Bug#287371: xsltproc: Probable memory leak (when using document()?)

2005-02-09 Thread Mike Hommey
On Mon, Dec 27, 2004 at 01:11:49PM +0100, Vincent Lefevre <[EMAIL PROTECTED]> 
wrote:
> Package: xsltproc
> Version: 1.1.8-5
> Severity: important
> 
> Here xsltproc takes up to 138 MB, making the whole system slow down
> due to swapping. This problem occurs when generating my blog page,
> where a document() is used for each blog item (this will change in
> the future, but the current behavior shouldn't occur). The sources
> are in a DocBook-based DTD that can be downloaded from
> 
>   http://www.vinc17.org/DTD/website.dtd
> 
> I'm not including the XML sources since this is quite complicated
> (lots of inclusions and dependencies). But if the bug is not known,
> I could try to build a simpler example.

How big is the document you load with document() ? How many times it
gets loaded ? Could you provide me the files ?

Mike


-- 
To UNSUBSCRIBE, email to [EMAIL PROTECTED]
with a subject of "unsubscribe". Trouble? Contact [EMAIL PROTECTED]



Bug#287371: xsltproc: Probable memory leak (when using document()?)

2005-02-09 Thread Vincent Lefevre
On 2005-02-09 17:12:21 +0100, Mike Hommey wrote:
> How big is the document you load with document() ? How many times it
> gets loaded ? Could you provide me the files ?

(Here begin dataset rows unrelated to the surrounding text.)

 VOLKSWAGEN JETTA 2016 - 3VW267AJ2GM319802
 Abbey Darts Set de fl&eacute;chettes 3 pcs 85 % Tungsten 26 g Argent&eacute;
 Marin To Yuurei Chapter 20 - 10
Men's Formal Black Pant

The documents are small, but the DTD is very big (this is a DTD based
on DocBook + MathML). Currently, about 50 documents are included.

I wanted to post a followup, but hadn't had the time yet. FYI, I had
a discussion with Daniel on the LibXSLT mailing-list 10 days ago. In
short, for some reasons, the DTD structures are not reused each time
a new document is parsed. IMHO, this could be solved by some form of
cache (corresponding to the DTD + internal subset if any).

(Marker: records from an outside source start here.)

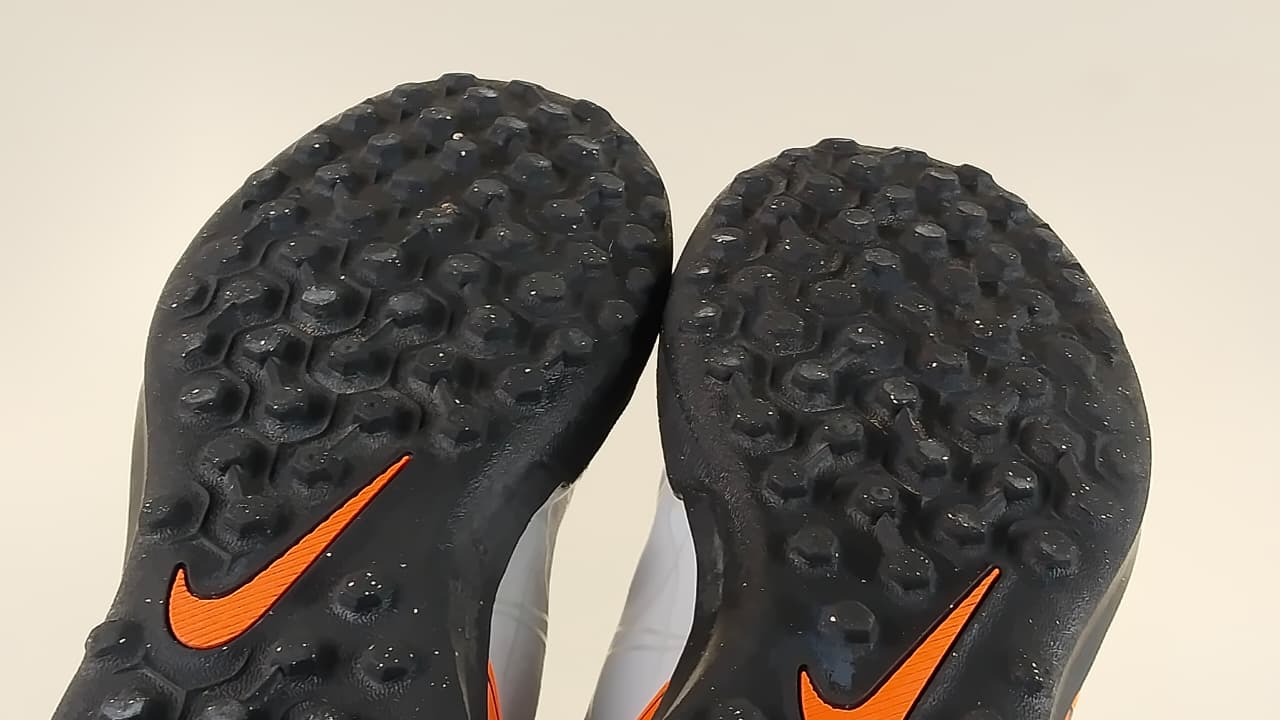 Nike Hypervenom Phade II TF Wolf Grey/Total Orange/Black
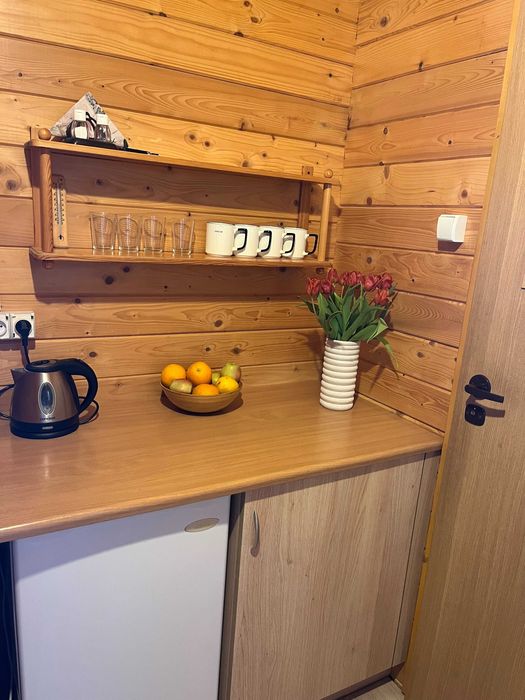 ,,Nad wąwozem" Pokoje i domki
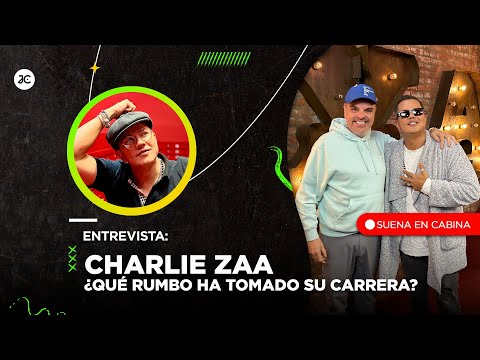 Charlie Zaa Y La Persistencia En Su Carrera | Entrevista Con Jessie En Exa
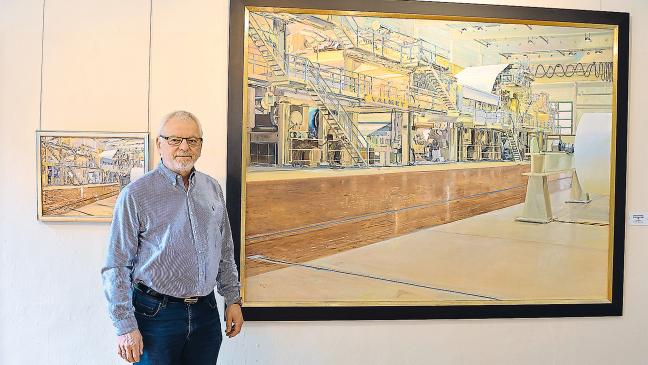 Die »wahnsinnige Tiefe« der Perspektive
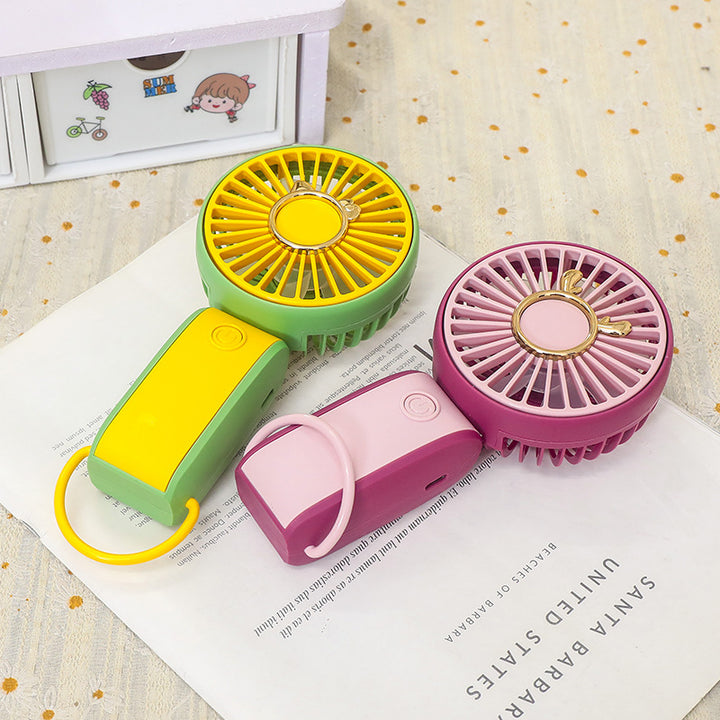 Portable Mini Hand Fan with Innovative Design Kalsten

Technically, this bug could be regarded as a wishlist. But using so
much memory should be regarded as a bug IMHO, unless the other XSLT
processors have the same problem.

The title of the bug should be changed to something like "DTD
structures should be shared/cached in case of multiple inclusions"
(when possible, of course).

-- 
Vincent Lefèvre <[EMAIL PROTECTED]> - Web: 
100% accessible validated (X)HTML - Blog: 
Work: CR INRIA - computer arithmetic / SPACES project at LORIA


-- 
To UNSUBSCRIBE, email to [EMAIL PROTECTED]
with a subject of "unsubscribe". Trouble? Contact [EMAIL PROTECTED]



Bug#287371: xsltproc: Probable memory leak (when using document()?)

2005-02-09 Thread Mike Hommey
retitle 287371 DTD should be cached when included several times
severity 287371 wishlist
tag 287371 upstream
thanks

On Wed, Feb 09, 2005 at 05:38:54PM +0100, Vincent Lefevre <[EMAIL PROTECTED]> 
wrote:
> On 2005-02-09 17:12:21 +0100, Mike Hommey wrote:
> > How big is the document you load with document() ? How many times it
> > gets loaded ? Could you provide me the files ?
> 
> The documents are small, but the DTD is very big (this is a DTD based
> on DocBook + MathML). Currently, about 50 documents are included.
> 
> I wanted to post a followup, but hadn't had the time yet. FYI, I had
> a discussion with Daniel on the LibXSLT mailing-list 10 days ago. In
> short, for some reasons, the DTD structures are not reused each time
> a new document is parsed. IMHO, this could be solved by some form of
> cache (corresponding to the DTD + internal subset if any).
> 
> Technically, this bug could be regarded as a wishlist. But using so
> much memory should be regarded as a bug IMHO, unless the other XSLT
> processors have the same problem.
> 
> The title of the bug should be changed to something like "DTD
> structures should be shared/cached in case of multiple inclusions"
> (when possible, of course).

Thanks for the feedback.
Note that such "optimization" bugs are not really *that* important, so i
downgraded this bug to wishlist, even if a huge amount of memory is
used. Also note that 138MB is not *that* much considering the number of
documents and the DTD size.

Mike


-- 
To UNSUBSCRIBE, email to [EMAIL PROTECTED]
with a subject of "unsubscribe". Trouble? Contact [EMAIL PROTECTED]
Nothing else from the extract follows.